= Amy Roth McDuffie =

American mathematics education scholar

Amy Roth McDuffie is an American scholar of mathematics education and a professor in the College of Education at Washington State University.

==Education and career==
McDuffie majored in mathematics at Franklin & Marshall College, graduating in 1987. Next, she studied education at Johns Hopkins University, receiving a secondary mathematics teaching certificate in 1989 and a master's degree in technology for education in 1991. She completed a Ph.D. in mathematics education at the University of Maryland, College Park in 1998.

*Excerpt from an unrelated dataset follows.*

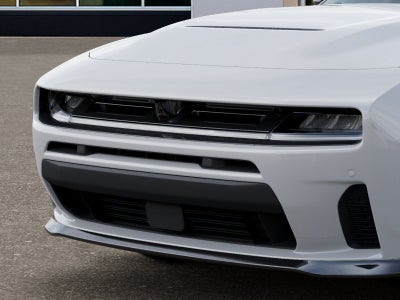 2026 Dodge Charger CHARGER R/T PLUS 2-DOOR AWD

She joined Washington State University Tri-Cities as an instructor in 1998, became a tenure-track assistant professor in 2000, was tenured as an associate professor in 2006, and was promoted to full professor in 2013. In 2017, she moved to the main (Pullman) campus of Washington State University. From 2015 to 2019, she was associate dean for research and external funding for the university's College of Education.

In 2021, she began a two-year term on the Mathematics Standing Committee of the National Assessment of Educational Progress.

==Books==
McDuffie is the coeditor of edited volumes including:
- Using Research to Improve Instruction (2014)
- Mathematical Modeling and Modeling Mathematics (2016)
- Transforming Mathematics Teacher Education: An Equity-Based Approach (2019)

==Recognition==
In Spring 2025, Washington State University gave McDuffie their Chosen Coug award.